Think of a situation (an experiment or observational study) within your (future) area of research that could produce such a data set. Explain (hypothetically) what was done and how the data were obtained. Throughout the rest of this assignment, pretend these are real data. However, in your interpretation, you may comment at any stage on how the data were created.

Question 3)

Explore your data set using at least 2 commands to summarise your data and at least 2 commands to visually depict your data (plots, histograms,...). At each step / for each plot you create, comment on what you see and what you learn from it.

Question 4)

Compare the maximum and minimum values within each group (factor level) to their respective group means. What is the largest absolute difference between one of your values and its group mean? What are the chances of obtaining such a value, assuming the data are normally distributed and centered around the respective group mean with a standard deviation of 1?

Question 5)
 Formulate a hypothesis based on task 1 that you can test using ANOVA. Perform the analysis.

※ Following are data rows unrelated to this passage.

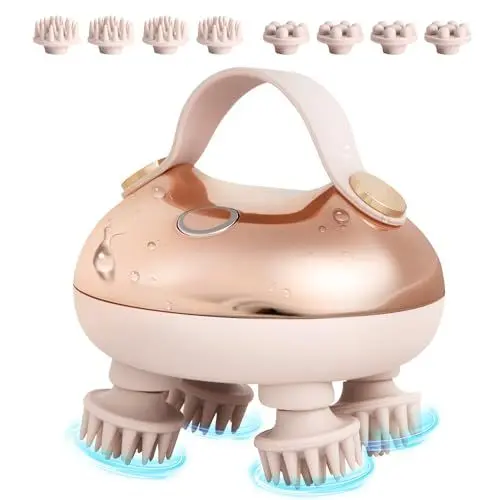Produktbild: arboleaf Kopfhaut-Massagegerät elektrische Kopfmassage IPX7 wasserdicht mit 8 abnehmbaren Massageköpfen und 3 Massagemodi, handliches Kopfmassagegerät für Entspannung, Tiefenreinigung(rosa)
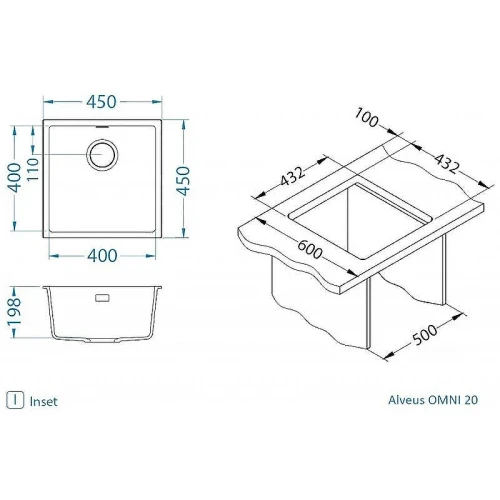 Кухонная мойка Alveus Granital Omni 20 Terra G22 450x450x198 1150046 Песчаная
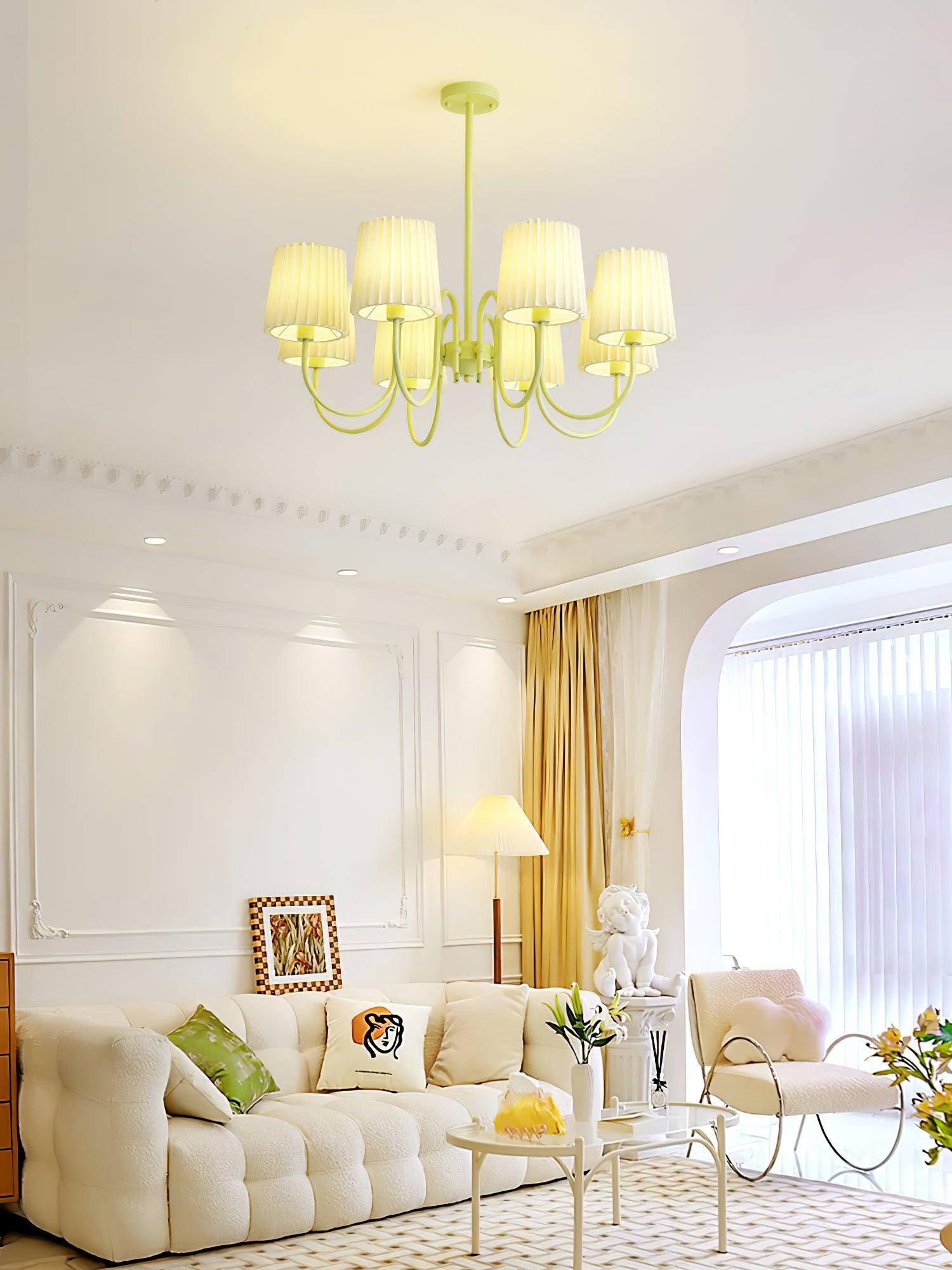 Matcha Green Pleated Fabric Chandelier Modern Multi Head Pendant Ceiling Light
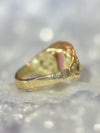Watermelon Bi color Tourmaline Cocktail Ring with emeralds and sapphires in 14 Ct Gold (Exclusive to Tomfoolery London)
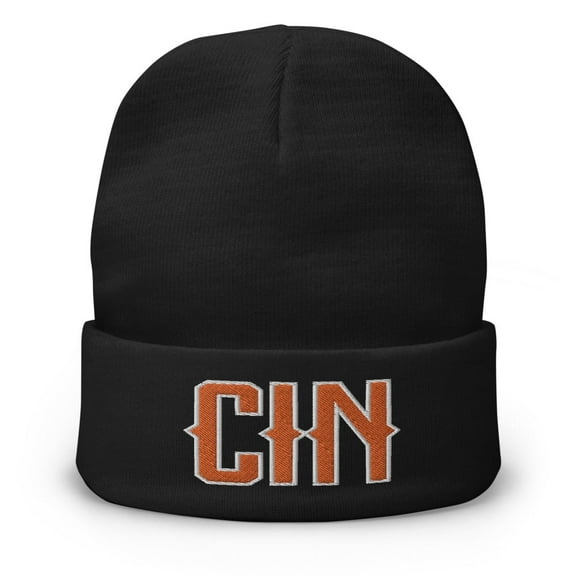Cincinnati Football Retro CIN Winter Beanie Cap Hat (Black)
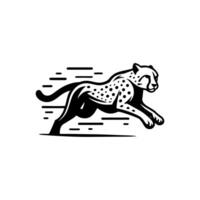 running cheetah animal logo in black and white. Cheetah logo design vector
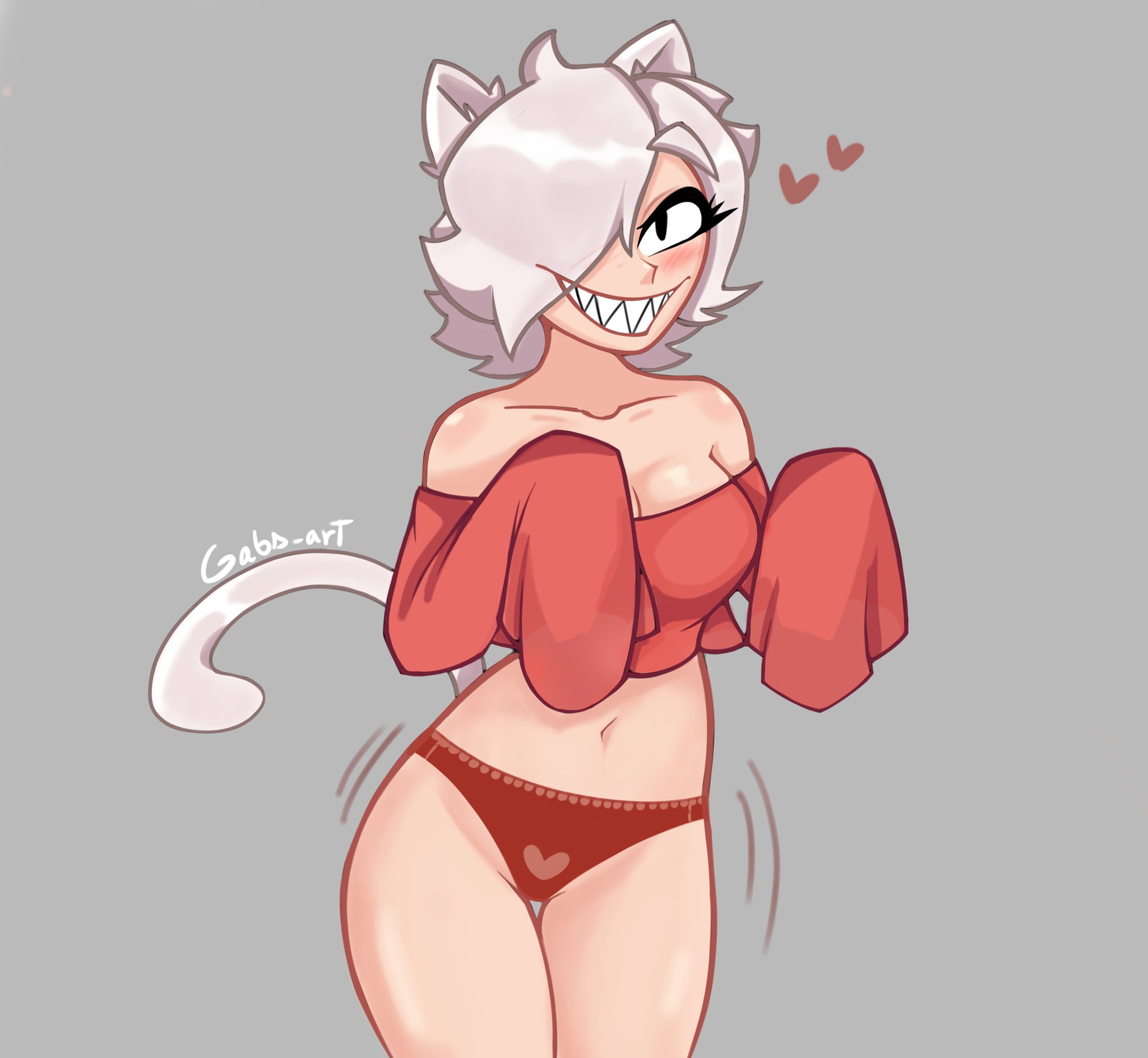 1girls, blush, brawl stars, breasts, cat ears, cat tail, colette (brawl stars), eyelashes, female, female only, gabri art, hip sway, long sleeves, panties, sharp teeth, simple background, solo, solo female, supercell, thick thighs, white hair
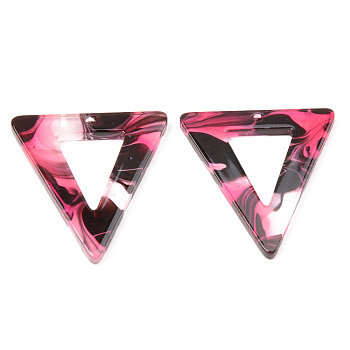 Acrylic Pendants, Triangle, Hot Pink, 34x30x2mm, Hole: 1.5mm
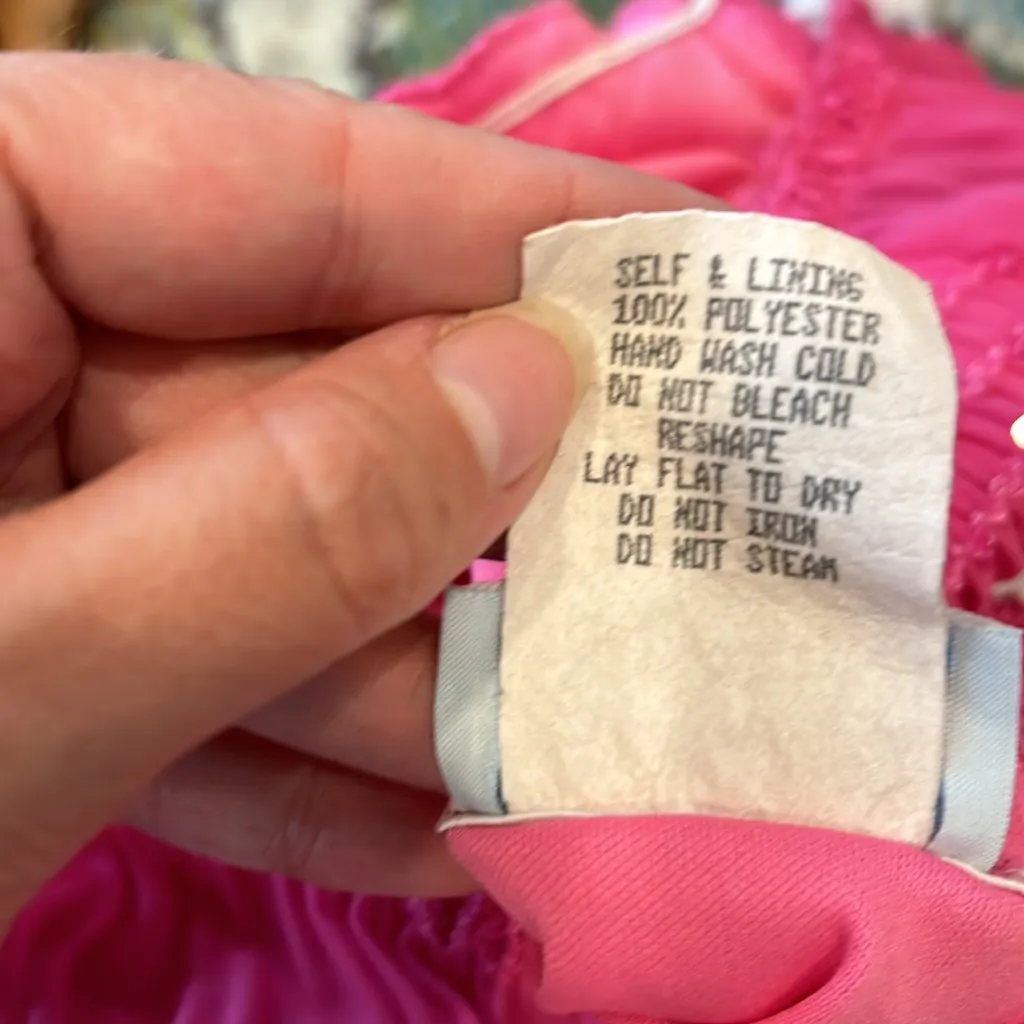 Vintage 90s Hot Pink Smocked Short Sleeve Off the Shoulder Short Sleeve Blouse Size XL - Image 8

Briefly explain what the F-value tells you and interpret the p-value. Draw a conclusion.

Question 6)

Regardless of whether you found significant differences between groups or not, perform a Tukey’s HSD test to determine what groups are significantly different from each other (even if none are). Briefly interpret this result in view of the nature of your data.

Question 7)

Explain why the output contains an ‘adjusted p-value’. What does it adjust for? Can you outline a simulation experiment in R (you don’t need but you can show how you would program it) that illustrates the problem of multiple comparisons?

Question 8)

Compute the group means and then the variance of the group means for variable1 and assign this number to an object called ‘betweenVar’, meaning ‘between group variance’. Also compute the within-group variance of variable1 and assign this number to an object called ‘withinVar’ for ‘within group variance’.

Question 9)

Using the within- and between groups variances from the task above, conduct a power test for your ANOVA. Regardless of whether your ANOVA result was significant or not, discuss all aspects of the power test (sample size, type I and type II error, power, within- and between group variance) in accordance with the outcome of your ANOVA (as in task 4) and the nature of your data as you described it in task 1. For example, if your ANOVA did not find a significant difference between groups, discuss how you could change your experimental set-up to find an expected difference. Or, if your ANOVA was significant, discuss the power of your test and (for example) your type I error probability and whether / how you could reduce it. Talk about what the design of a larger experiment could look like based on the results of your pilot study, e.g. by bringing in financial aspects.

Question 10)

Show the differences between groups in a bar plot with standard errors. Mark those groups that do not differ significantly with the same letters. Adjust the margins, the label and tick size and position etc. until you think this graph could be published in a journal. Draft a figure caption that contains all the needed information: What is shown? Where? How was it measured? When? What test are the letters referring to?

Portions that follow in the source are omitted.